INFORMATION SUPPLIED:
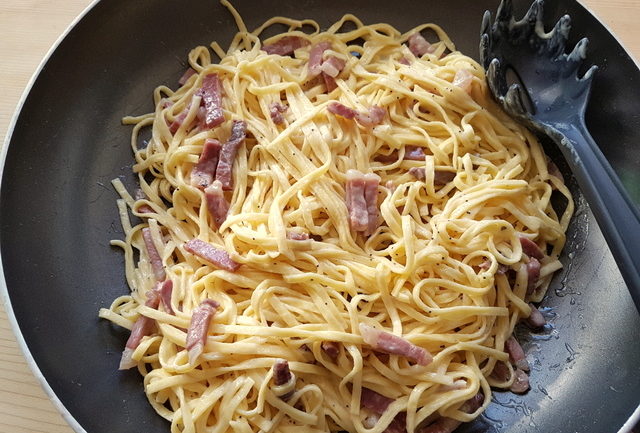 Tagliolini al prosciutto di San Daniele with poppy seeds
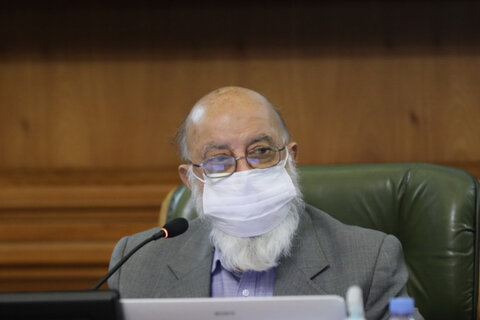 زاکانی باید یقه دولت را بگیرد/ دست به دست میکروب‌ها داده‌اند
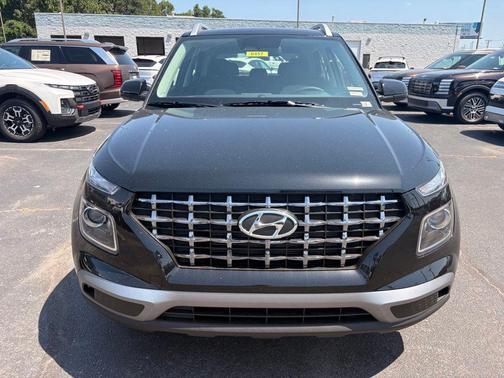 Onyx Black 2026 Hyundai VENUE SEL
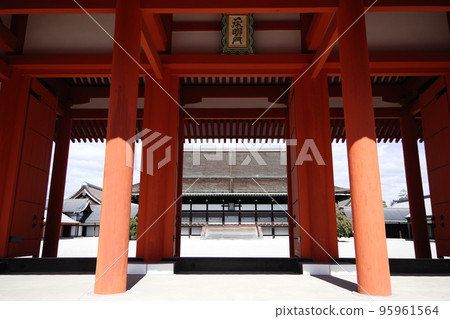 Chenming gate of the Kyoto Imperial Palace Chenming gate of the Kyoto Imperial Palace 95961564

WHAT THE TASK ASKS: Starting at the line that holds "Onyx Black 2026 Hyundai VENUE SEL", repeat every line through the end of the listing exactly as written, skipping any picture.

EXERCISE OUTPUT:
 Onyx Black 2026 Hyundai VENUE SEL
 Chenming gate of the Kyoto Imperial Palace Chenming gate of the Kyoto Imperial Palace 95961564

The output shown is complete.